Nel 1945-46 Gianni Colla comincia a dedicarsi con l'entusiasmo che lo caratterizza, alla realizzazione di spettacoli specificamente rivolti ai giovanissimi spettatori, ai bimbi suoi grandi ammiratori. Pur non dimenticandosi di quanto appreso dai genitori, Gianni, su testi originali scritti da lui stesso, si dedica alla messa in scena di favole ormai entrate nella tradizione della letteratura per l'infanzia, nelle quali sul palcoscenico agivano contemporaneamente attori — nelle vesti di personaggi umani — e marionette — come personaggi di fantasia. Memorabile è il PINOCCHIO allestito nel 1960, precursore dell'idea realizzala poi in TV dove l'attore (Nino Manfredi) recitava «con un burattino di legno».
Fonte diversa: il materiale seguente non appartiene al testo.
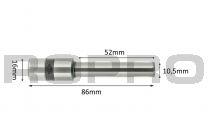 Paper drillbits standard 10,5mm x 52mm L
E' su questa stessa linea che Gianni Colla mette in scena fra l'altro «La famosa invasione degli orsi in Sicilia» di Dino Buzzati. In questa occasione il grande Buzzati collabora fianco a fianco a Gianni perché entrambi vogliono che le marionette possano avere quegli atteggiamenti che sembra impossibile poter dare ad un pezzo di legno. Ovviamente lo spettacolo ha un enorme successo.

A questo punto è necessario chiarire che la messa in scena d'uno spettacolo di marionette richiede dai quattro mesi (nel minore dei casi) ai due anni di lavoro, a seconda della complessità della scenografia e dalla quantità dei «personaggi».

Ad una ad una le marionette vengono realizzate a mano, secondo la più rigorosa osservanza della tradizione, su bozzetto originale e così pure i costumi che vengono appositamente disegnati e confezionati.

È facile rendersi conto di quanto questo spettacolo costi anche finanziariamente e quindi come il teatro delle marionette non sia solo

una forma d'arte. Inoltre, saper tenere in mano e manovrare la selva di fili che, agganciati al «bilancino», animano questi personaggi

di legno è un'arte che un marionettista affina in anni di attività sul «ponte».

Ecco perchè duecento anni di marionette meritano un po' di attenzione anche da parte di un fotografo.

I personaggi dei Colla:


Il vescovo davanti alla chiesa di S. Bartolomeo del 1600.


Coccobilli, con i bimbi, di fianco al palazzo Terni.